### DATASET RECORDS
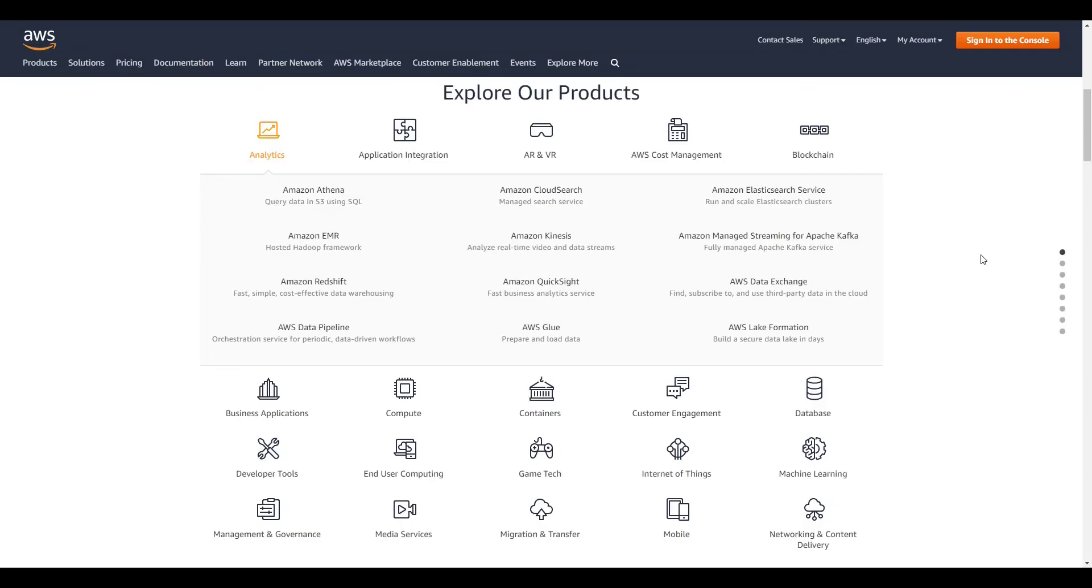Thanks for watching this AWS tutorial. If you need help or have a video request, be sure to leave a comment down below or ask in the worn off keys discord, which can be found in the video description. If you want to learn more about AWS, consider clicking on one of the videos you see on your screen now.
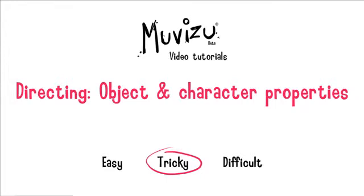It's time to look at how we can direct object and character properties. I've classed this video tutorial as being tricky. If there was a category in between easy and tricky, I think this would probably be it.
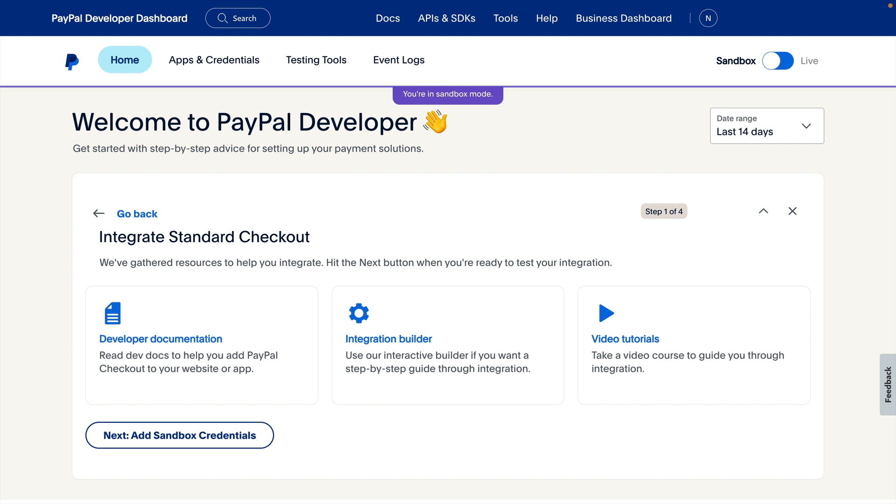Now we're shown resources to help us integrate. I'm going with the integration builder for this example, but there are also links to the developer documentation and video tutorials.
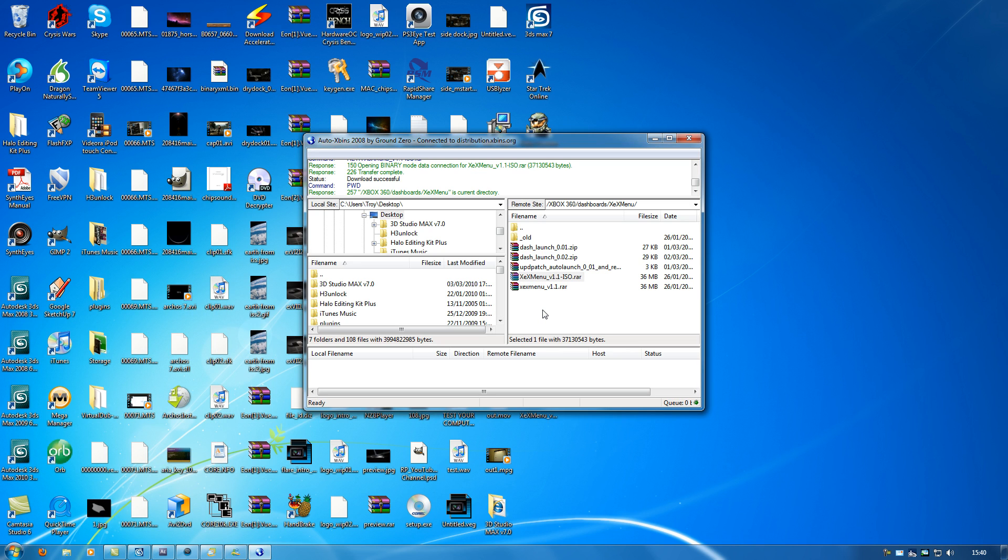Now what we need to do is transfer this to our Xbox 360 hard drive. To do that, we just need to burn the ISO to the disk.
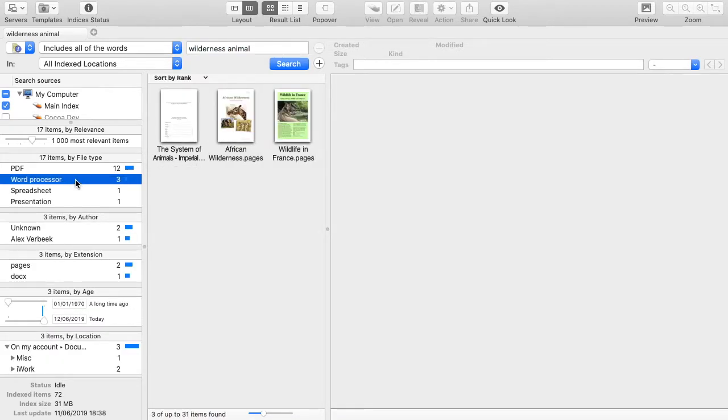If you select the word processing type, then amongst them, there are 2 pages documents and a single docx document.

### WHAT TO PRODUCE
The records above need to be reproduced exactly, with all images omitted.

### RESPONSE AREA
Thanks for watching this AWS tutorial. If you need help or have a video request, be sure to leave a comment down below or ask in the worn off keys discord, which can be found in the video description. If you want to learn more about AWS, consider clicking on one of the videos you see on your screen now.
It's time to look at how we can direct object and character properties. I've classed this video tutorial as being tricky. If there was a category in between easy and tricky, I think this would probably be it.
Now we're shown resources to help us integrate. I'm going with the integration builder for this example, but there are also links to the developer documentation and video tutorials.
Now what we need to do is transfer this to our Xbox 360 hard drive. To do that, we just need to burn the ISO to the disk.
If you select the word processing type, then amongst them, there are 2 pages documents and a single docx document.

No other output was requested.